It’s surprising how much time can be spent learning all the subtitles of a river. While the knowledge gained on a single river is transferable, there will always be unique challenges and secrets to discover when fishing new water. Often, it’s difficult to pass up fishing your familiar stomping grounds – that spot you’ve put countless hours into and feel the most confident fishing. It’s easy, it’s fun and there’s a high chance that you’ll net a good number of fish. Exploring new water often results in fish-less days, which can be frustrating, especially when your fishing time is limited. However, not only will fishing unfamiliar water make you a better fly fisher, but every once in a while you’ll discover a hidden gem.
Every year I spend a great deal of time exploring new water. Most of the time I’m simply scouting out new sections of my favourite local river, though occasionally I’ll travel to a new river or stream. My most recent fixation is a section of water that I’ve overlooked for years, mainly out of laziness and a hunch that it would be unproductive and impossible to fish. This is a smaller branch of a local river, with much different characteristics from the main branch. The river here is narrow, fast and broken with lots of little pools. Turns out, it’s exactly what I love in a river: scenic, full of character and challenging. This is the type of water where stealth, patience and effort pays dividends.

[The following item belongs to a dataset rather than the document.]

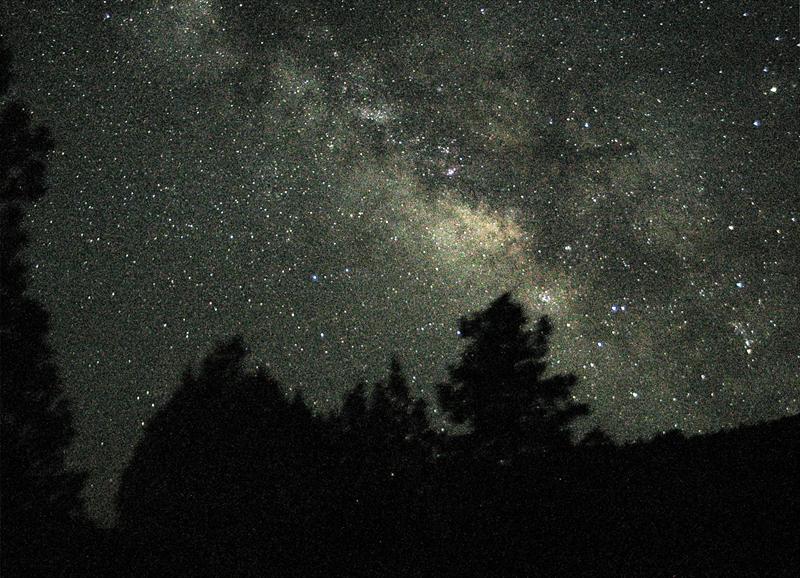 Milky Way Dust Lanes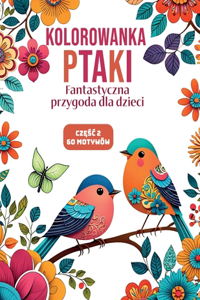 Kolorowanka Ptaki Częśc 2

At first glance, this river appears extremely shallow and fast, not exactly what most fly fishers consider productive water. However, a closer look and some footwork reveals a number of small pools that are created by this fast water plunging over rocks and tiny falls. Many of these pools are too small to drift a fly through using a traditional fly cast – instead, one must carefully approach from behind and high stick a dry fly or nymph through the hole. Others holes are larger and have the potential of holding a number of decent sized fish.

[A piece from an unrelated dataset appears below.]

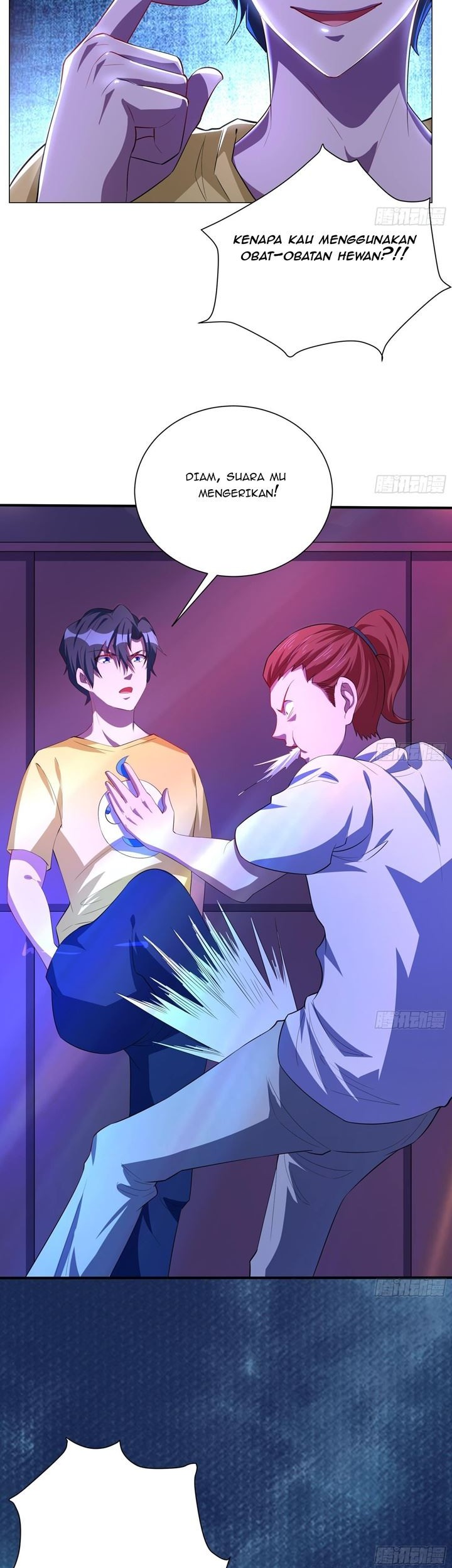 God-Level Takeout Man Chapter 38 Gambar 4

I’ve caught a pretty even mix of Brook Trout and Brown Trout on this water, which is good to see (stop trying to take away our Brown Trout, MNR). Most of the fish are small to average sized, though I’ve heard of some trophy sized browns inhabiting this section as well.
My favourite dry fly for other sections of this river – the Stimulator – has been even more productive here. This is no surprise given the huge number of stone flies I’ve seen here.
I’ve found that when fish are less keen to take a dry, giving it some action by skating it across the surface will often produce a strike. This is another benefit of the Stimulator, since it floats so well.
There are about four larger holes that I’ve found, as well as a fairly long stretch of nice looking deep water at the bottom of a steep ravine that is nearly impossible to fish. I’m convinced there are some very nice fish down there!
One thing this river is notorious for is making you hike a very long way to find larger holes. The one above has produced a couple fish – the brown pictured below as well as a good sized rainbow that my friend hooked into and lost before we could get it into the net. I’m convinced there are bigger fish in here, but I’ve yet to see them.
These pics were taken earlier in the season, though I’ve returned a few times with good results. However, tonight (technically last night now) was a different story. I drove up for a couple hours of fishing before dark, but rather than spend that time actually fishing, I spent it tracing my steps back along the dense forest path, where (in typical style for me) I managed to drop my BlackBerry. I spent nearly 2 hours retracing my steps, only to give up hope and eventually, by some miracle, find my phone lying face down on the dirt while heading back to my car in the pitch-dark.
This season has been somewhat of a disaster for me on the front of losing or damaging things and thankfully tonight was not an addition to that list. But those are stories for another night!